The school hopes to start with a pilot in the fall that will pair 100 faculty and staff mentors with 100 incoming students — about one-quarter of the new class of students. The program will start by targeting students deemed most at-risk of dropping or struggling with college course.

“Hopefully by the spring we will scale it up, because we already know what works,” Moono said. “If we can get them and get them situated correctly, get them the support they need, we can retain them and make sure they stick.”

Moono has called the role of mentors that of a “vision supporter,” facilitating a student’s long-term career goals. There will be set “touchpoints” the year the pairs would meet — at the beginning of the semester, three weeks in, mid-terms and other critical times of the year, but specifics of the relationship would be up to the mentors and students.

How often do we meet? How do we best communicate? Moono said he would expect that mentors would make themselves available to discuss challenges and questions at school but also to assist with personal problems.

Mentors — which will include volunteers from through the college workforce — and students will be paired at a group orientation before the start of the school year. An inventory of student interests, academic and personal, would be used to find the best fit.

For some, the relationship may be long lasting – as was the case with many of Moono’s mentees from MCCC.

“I will support your vision, I’m here for you, I will walk alongside you, I will be your greatest cheerleader,” Moono said of the mentor’s role. “Once they graduate, the relationship flips over; we become friends, we become colleagues.”
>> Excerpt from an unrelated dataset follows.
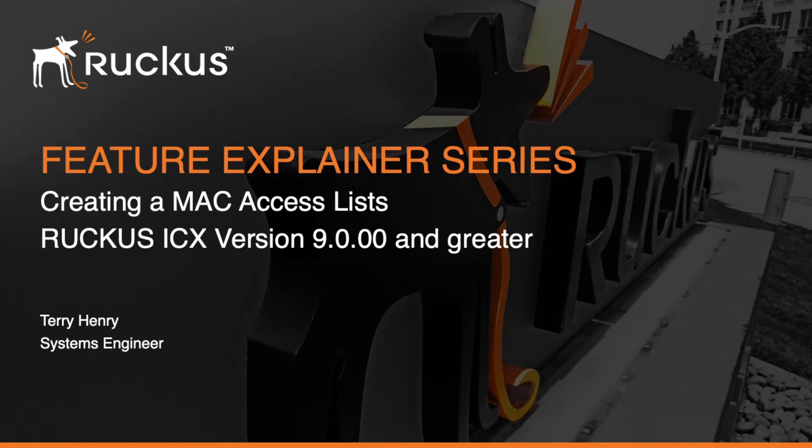Hi, welcome to the Ruckus Feature Explainer Series. I'm Terry Henry. Today I wanted to talk about a change that was made in ICX version 9.00.00 and above, which is how we handle MAC access lists.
Alicia Richardson, an SCCC professor, and others have already expressed interest in volunteering for the program.

“There are all of these unspoken rules,” Richardson said of scheduling classes, reading a syllabus and navigating college. “If you don’t have any family members who have ever gone to college, you might not now about class schedules or what office hours are.”

That’s where the mentor comes in. Richardson said there already exists a lot of informal mentoring at community colleges but that it will be helpful to formalize that relationship and create the supports necessary to train mentors and provide access to things that mentees may need — money for books or others needs that arise.

“This is the one person that students know they can contact and is available to them for big issues and small issues,” Richardson said.

School officials plan to use Moono’s May inauguration as a chance to trumpet the mentoring program and ask the community for help. On May 14, the day after the inauguration, SCCC is holding an inaugural ball at the Armory in Schenectady. Touted as unprecedented in the Capital Region, the ball will serve as a fundraiser for the new mentors program.